Try it: Below are lines of data, and only some are wanted. Please repeat exactly those from the line that has "MoneRffi Hooded Towels" through the line that has "White wireless earbuds".

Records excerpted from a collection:
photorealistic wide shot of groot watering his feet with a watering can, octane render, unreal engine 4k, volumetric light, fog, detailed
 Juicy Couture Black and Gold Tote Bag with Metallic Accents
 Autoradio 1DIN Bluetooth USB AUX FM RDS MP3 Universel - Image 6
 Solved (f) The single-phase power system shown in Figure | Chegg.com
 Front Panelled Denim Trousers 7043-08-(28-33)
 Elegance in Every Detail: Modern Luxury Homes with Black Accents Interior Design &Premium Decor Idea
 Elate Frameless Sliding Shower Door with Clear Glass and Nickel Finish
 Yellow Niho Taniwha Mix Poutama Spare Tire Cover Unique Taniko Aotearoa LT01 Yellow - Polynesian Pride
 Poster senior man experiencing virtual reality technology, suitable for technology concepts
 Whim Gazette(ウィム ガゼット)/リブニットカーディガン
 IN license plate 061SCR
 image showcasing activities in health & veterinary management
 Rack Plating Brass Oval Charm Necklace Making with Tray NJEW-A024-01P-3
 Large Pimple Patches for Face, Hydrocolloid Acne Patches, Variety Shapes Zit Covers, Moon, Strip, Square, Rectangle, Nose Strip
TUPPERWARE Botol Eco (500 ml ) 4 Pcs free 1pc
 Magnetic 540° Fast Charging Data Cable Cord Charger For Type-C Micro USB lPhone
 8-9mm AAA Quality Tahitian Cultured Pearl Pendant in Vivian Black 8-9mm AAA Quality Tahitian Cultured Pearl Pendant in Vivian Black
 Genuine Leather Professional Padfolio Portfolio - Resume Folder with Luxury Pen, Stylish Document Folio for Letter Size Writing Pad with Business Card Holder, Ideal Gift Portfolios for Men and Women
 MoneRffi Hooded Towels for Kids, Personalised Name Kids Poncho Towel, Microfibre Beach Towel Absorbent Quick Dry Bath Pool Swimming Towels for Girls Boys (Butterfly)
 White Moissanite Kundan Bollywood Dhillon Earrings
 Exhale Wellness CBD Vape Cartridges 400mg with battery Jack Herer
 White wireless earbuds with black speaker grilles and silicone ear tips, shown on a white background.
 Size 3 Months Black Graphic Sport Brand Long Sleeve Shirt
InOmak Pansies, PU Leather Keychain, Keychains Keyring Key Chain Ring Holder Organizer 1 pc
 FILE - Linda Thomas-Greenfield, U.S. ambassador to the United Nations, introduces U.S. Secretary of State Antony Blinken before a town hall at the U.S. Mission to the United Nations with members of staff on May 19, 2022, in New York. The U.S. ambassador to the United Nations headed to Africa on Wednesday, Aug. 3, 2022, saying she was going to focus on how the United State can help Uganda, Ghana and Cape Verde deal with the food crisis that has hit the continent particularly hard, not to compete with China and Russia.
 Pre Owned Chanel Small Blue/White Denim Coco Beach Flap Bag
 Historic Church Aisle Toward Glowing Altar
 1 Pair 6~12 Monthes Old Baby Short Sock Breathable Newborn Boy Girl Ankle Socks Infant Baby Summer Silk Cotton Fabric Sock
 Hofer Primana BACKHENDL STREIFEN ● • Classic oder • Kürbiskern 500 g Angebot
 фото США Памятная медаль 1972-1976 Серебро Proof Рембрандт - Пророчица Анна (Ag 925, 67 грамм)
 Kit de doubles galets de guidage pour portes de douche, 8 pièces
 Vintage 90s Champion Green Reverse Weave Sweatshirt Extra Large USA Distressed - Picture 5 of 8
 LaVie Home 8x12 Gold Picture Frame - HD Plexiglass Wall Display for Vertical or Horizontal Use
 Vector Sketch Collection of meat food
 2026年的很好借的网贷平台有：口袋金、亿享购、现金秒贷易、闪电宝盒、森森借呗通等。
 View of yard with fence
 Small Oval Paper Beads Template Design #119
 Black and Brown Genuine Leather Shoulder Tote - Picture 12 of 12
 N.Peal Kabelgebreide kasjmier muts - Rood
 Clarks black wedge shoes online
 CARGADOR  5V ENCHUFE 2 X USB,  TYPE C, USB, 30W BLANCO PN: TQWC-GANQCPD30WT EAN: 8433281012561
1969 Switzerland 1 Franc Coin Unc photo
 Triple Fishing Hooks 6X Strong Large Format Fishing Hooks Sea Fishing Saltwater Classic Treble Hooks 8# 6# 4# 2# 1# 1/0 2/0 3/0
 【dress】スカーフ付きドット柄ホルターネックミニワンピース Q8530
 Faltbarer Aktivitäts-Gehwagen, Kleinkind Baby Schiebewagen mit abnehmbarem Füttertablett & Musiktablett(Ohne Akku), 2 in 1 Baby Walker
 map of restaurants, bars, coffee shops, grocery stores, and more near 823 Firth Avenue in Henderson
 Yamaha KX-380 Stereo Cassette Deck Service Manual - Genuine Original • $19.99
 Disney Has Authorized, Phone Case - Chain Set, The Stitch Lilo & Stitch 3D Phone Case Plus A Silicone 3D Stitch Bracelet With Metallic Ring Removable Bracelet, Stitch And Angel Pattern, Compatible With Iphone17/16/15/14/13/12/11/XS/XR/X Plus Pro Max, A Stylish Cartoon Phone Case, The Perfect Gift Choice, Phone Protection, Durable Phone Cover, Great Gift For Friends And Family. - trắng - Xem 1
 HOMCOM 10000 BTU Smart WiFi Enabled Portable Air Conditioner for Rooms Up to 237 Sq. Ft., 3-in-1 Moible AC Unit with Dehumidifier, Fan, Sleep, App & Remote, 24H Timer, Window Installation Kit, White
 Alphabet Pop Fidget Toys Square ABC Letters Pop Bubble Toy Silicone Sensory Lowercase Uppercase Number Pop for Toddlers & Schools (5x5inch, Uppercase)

Answer to the exercise:
 MoneRffi Hooded Towels for Kids, Personalised Name Kids Poncho Towel, Microfibre Beach Towel Absorbent Quick Dry Bath Pool Swimming Towels for Girls Boys (Butterfly)
 White Moissanite Kundan Bollywood Dhillon Earrings
 Exhale Wellness CBD Vape Cartridges 400mg with battery Jack Herer
 White wireless earbuds with black speaker grilles and silicone ear tips, shown on a white background.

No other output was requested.